Até hoje os yorubás comemoram o dia do acordo através de uma grande festejo anual (ododún sise), celebrando a união que permitiu a sobrevivência do universo e da vida.
Toda esta epopéia durou apenas quatro dias. Para representar a gênese e o útero primordial, os yorubás utilizaram o igbá-odù (ou igbádù): uma cabaça pintada de branco, cortada horizontalmente ao meio em duas metades que devem manter-se sempre unidas, contendo em seu interior quatro pequenos recipientes de casca da noz do côco cortado ao meio contendo, cada qual, com um elemento que simboliza os três sangues do axé: o efun (branco), o osún (vermelho), o carvão (preto) e ainda lama (matéria-prima do homem). Esses elementos significam também os quatro odus principais: Eji Ogbé, Òyèkún Meji, Ibara Meji e Edí Meji. Separar as duas metades de igbadu, significa a própria destruição do mundo.
A parte de cima de igbadu representa Oxalá, e a parte de baixo, Odudua.
Nesta época, o orun (òrun), o céu, não era separado do aiyê (àiyé), o mundo, e homens e deuses transitavam livremente entre os dois mundos.
Havia um camponês que morava exatamente no limite entre o orun e o aiye. A mulher dele era estéril. Este homem rogou muito a Oxalá que a mulher dele pudesse parir. Oxalá o atendeu e a mulher do camponês deu a luz a um menino. Contudo, Oxalá decretou como interdito que aquele menino jamais deveria ultrapassar os limites da terra, nunca podendo ir ao orun.
O camponês ensinou a proibição ao menino e tomava todos os cuidados para que o garoto nunca conhecesse o caminho que ligava os dois mundos.
Mas a curiosidade e a rebeldia foram maiores. Certo dia, o pai teria que entregar umas sementes no orun. Encheu um saco, o pôs nas costas e começou a trajetória. O menino esperto fez um pequeno furo no saco de sementes e assim ficou conhecendo o caminho do orun ao aiye.

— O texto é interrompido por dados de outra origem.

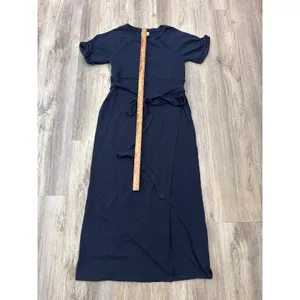 Tuckernuck Clarissa Navy Blue Cotton Knit Maxi Dress Short Sleeve Size‎ Small thumbnail 5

No dia seguinte, seguiu o rastro e chegou ao orun. Não só descumpriu o interdito, como desafiou os deuses, se dizendo mais esperto e contando vantagem.
Oxalá ficou irado, pegou seu cajado e naquele momento separou o orun do aiye. Limitou assim o espaço dos homens e dos deuses, impondo uma nova ordem e uma nova relação entre homens e as divindades.
Entre o orun e aiye formou-se um vão, que foi preenchido pelo sopro de Olorun, dando origem à atmosfera (sánmò). Este vão possui nove espaços, sendo quatro superiores () e quatro inferiores (òrun isalè mérèèrin), postando-se a Terra no espaço central.
O menino transgressor chamava-se Exu. Exu foi aquele capaz de criar o caos e recriar a ordem universal.